Plant corn too shallow and you'll run into problems
"Yes, you can run into big problems, if you plant too shallow," notes McGrath. "Such as rootless corn, sidewall compaction, poor root development, increased seed and root system mass in the herbicide zone. Also, poor seed zone closing, and the shallow seed zone can dry out. No doubt I am forgetting some other maladies, but you see where I am going with this. Err on the side of "too deep" rather than planting too shallow."
McGrath and ISU agronomist Mark Licht worked with Wallaces Farmer last year, which shares a little more detail if needed
On April 9 at least one cornfield was planted in eastern Iowa
On April 9 there was some corn planted south of Maquoketa in eastern Iowa. That's the first corn planting Wallaces Farmer has heard of this year in Iowa. In northwest Iowa, Bruce Rohwer, past president of the Iowa Corn Growers Association, is ready to start planting on his farm near Paullina, perhaps next week, weather allowing.
"We are about a week away from opening of corn planting here," he said on April 9. "Soils are still on the cool side. As soon as sun comes out and we quit having these little misty showers, planters will be in the fields."
Related: How Deep Should You Plant Corn?
More corn or more soybeans this year? "We really follow a corn-soybean rotation," says Rohwer. "Here in northwest Iowa there's not really a lot of switching of acres. There are other parts of the state where that can happen. But here in O'Brien County and the surrounding area I look for farmers to follow pretty closely their corn-bean rotation."
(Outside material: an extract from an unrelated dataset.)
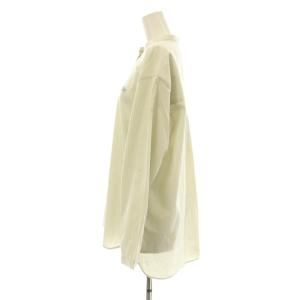 LACOSTE マルチストライプバンドカラーシャツ 長袖 バンドカラー ストライプ柄 ワッペン 36 黄緑 CF9395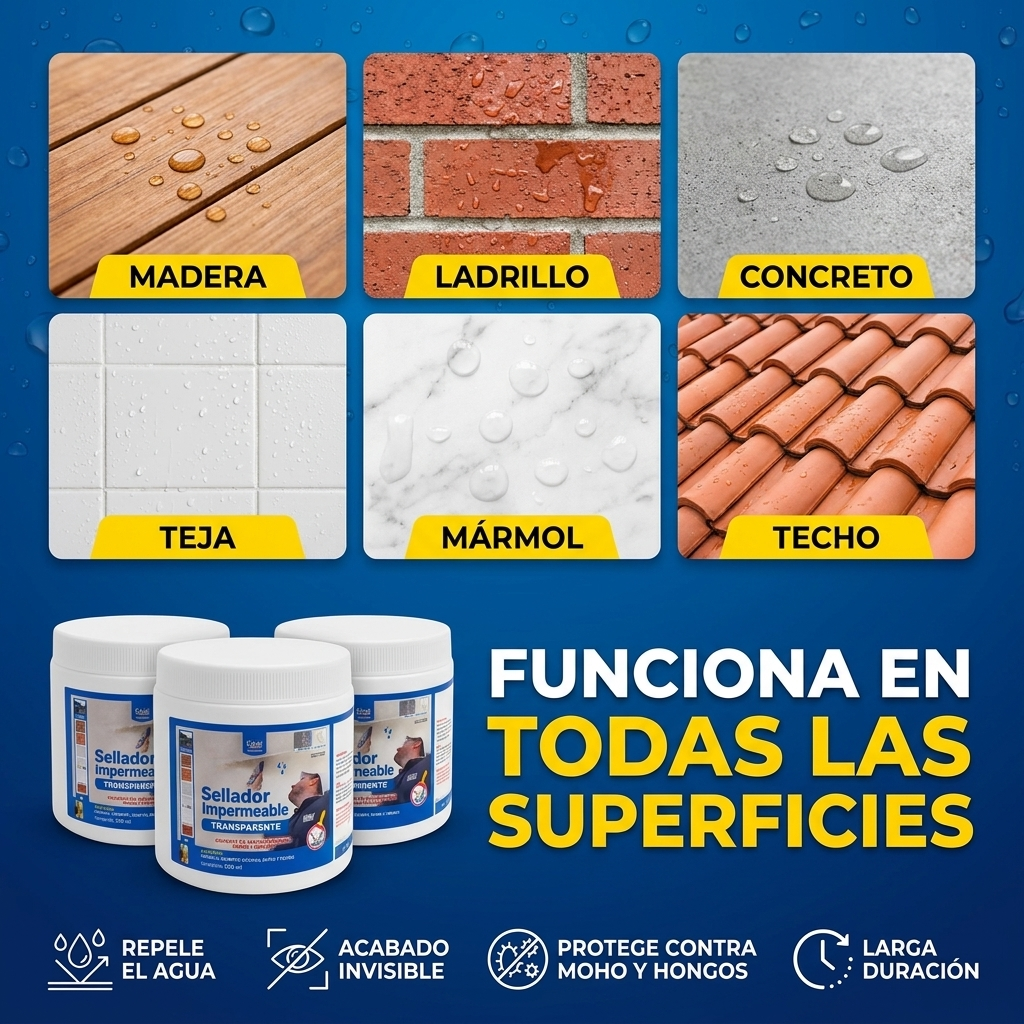 Sellador Impermeable Invisible - Elimina Filtraciones, Grietas y Goteras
Most of Iowa has good reserve of subsoil moisture for 2015 crops
Going into planting season, the way things look now, we should have a very good corn crop this year in Iowa, says Rohwer. Of course, there's a lot of weather that has to occur yet before harvest. But Iowa is going into planting season with good reserves of subsoil moisture.
How is O'Brien County doing on rainfall? "We're short," says Rohwer. "We haven't had the normal amount of spring precipitation. Winter was short of snow. Iowa is getting some rain this week, more in the southern half of the state than the northern half. Here in Iowa's northwest corner, we're drier than a lot of the state. It would be good to get an inch of rain. We do have a good reserve of subsoil moisture. It's not like the tank is empty, but it is getting lower and we'll need some timely rains this spring and summer."